I know that this blog entry is a bit long but you try explaining this kind of abstract concept in less words, it is hard!
I work for EMC, as well as making disk drives, (I'm a software guy so that's just exhausted my total knowledge of hardware), we are actually the 6th largest software company in the world. One the the most challenging things about this is understanding the capabilities of all of the other applications in the company -- more importantly one needs to be able to assess how the other applications can be used to increase the value of your specific software offering. Bear in mind that here at EMC we have exactly 7498 different software products, (OK I completely made that up but we do have a lot - it could easily be more than this!).
Occasionally it all comes together -- you have a epiphany and realize that you can take a couple of existing products and solve an age-old problem. It is amazingly satisfying when this happens. One relatively recent example of this is the "Structured Data as a Record" conundrum. Let me explain...
I used to get a lot of questions about storing 'structured data' as a record. To those of us who live in the enterprise content management space the term 'structured data' refers to data that comes from a relational database. Customers want to take data currently stored in a database and make parts of it in to a record. They want to do this without removing the content from the database. I used to think that this showed a misunderstanding of what a record is but now I realize that it actually highlights a classic problem with understanding software solutions. The customer was asking for a specific solution rather than defining the problem -- they were asking how to make database content immutable in place but that's a solution not a problem; the problem they are really trying to solve is how to produce the output of this data at a future time.
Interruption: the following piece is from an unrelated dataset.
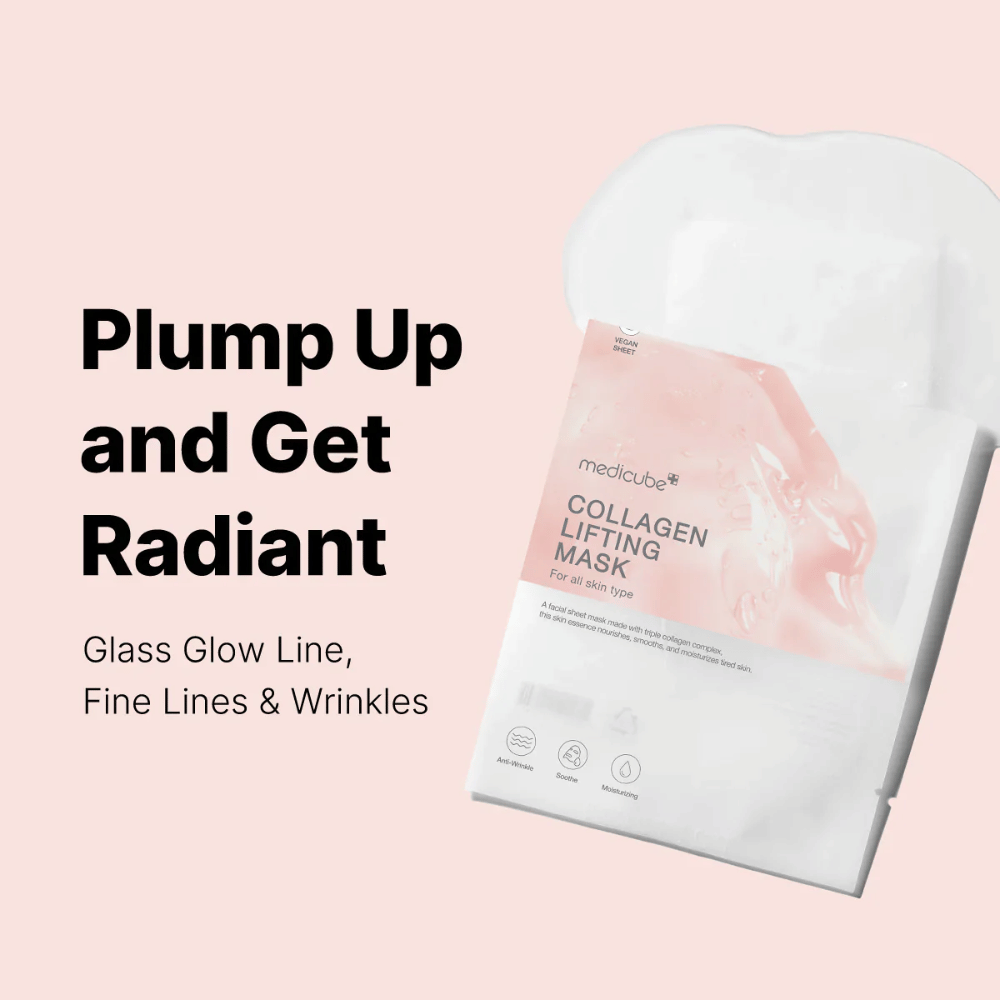 Emballasjen til "Medicube Collagen Lifting Mask," en ansiktsmaske med fokus på å plumpe opp huden og gi et strålende utseende. Produktet er rettet mot alle hudtyper og er designet for å motvirke fine linjer og rynker. Teksten "Plump Up and Get Radiant" fremhever maskens egenskaper, mens grafiske elementer gir en moderne og tiltalende presentasjon.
Actions on Structured Data
Typically people want to do 3 things to data in a database, (other than just use it of course). They want to optimize the database, archive the data and apply compliance controls to the data, (these are not mutually exclusive BTW, they may want to do all 3 at once). We have in-house software and partners galore that deal with the first two but the last one is a different animal. If you asked most people in the know how to do this they would tell you that it was not possible - with good cause. Before we dive in to the solution let's consider the three main types of structured data to which you typically need to apply compliance controls.
Types of Structured Data
Structured data is usually generated by computer applications and systems -- not people, it can be sub-divided in to page-oriented, line-oriented and native database.
Page-orientated Data is designed to to be printed in a page format, it is made to be easily read and interpreted by a human, the page breaks add context to the final report. It has what we call "print fidelity", this means that the layout is significant. Typical examples would be bank statements or house-sale closing documents.
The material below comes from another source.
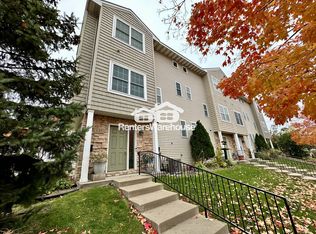 332 Saint Albans St N, Saint Paul, MN 55104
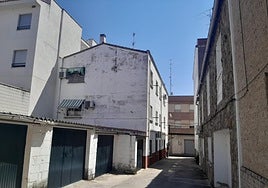 El accidente laboral ocurrió en un callejón de la calle Julián Marcos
Line-orientated Data is just as it sounds...line after line of boring data. It is typically in date/time sequence and may have a fixed or variable line structure. It may be character delimited, fixed column, undelimited lines of text or even theoretically XML, (XML is just delimited text anyway). This is not usually designed to be ready by people on a day to day basis. A good example are transaction logs from a trading system or audit logs from one of your enterprise systems.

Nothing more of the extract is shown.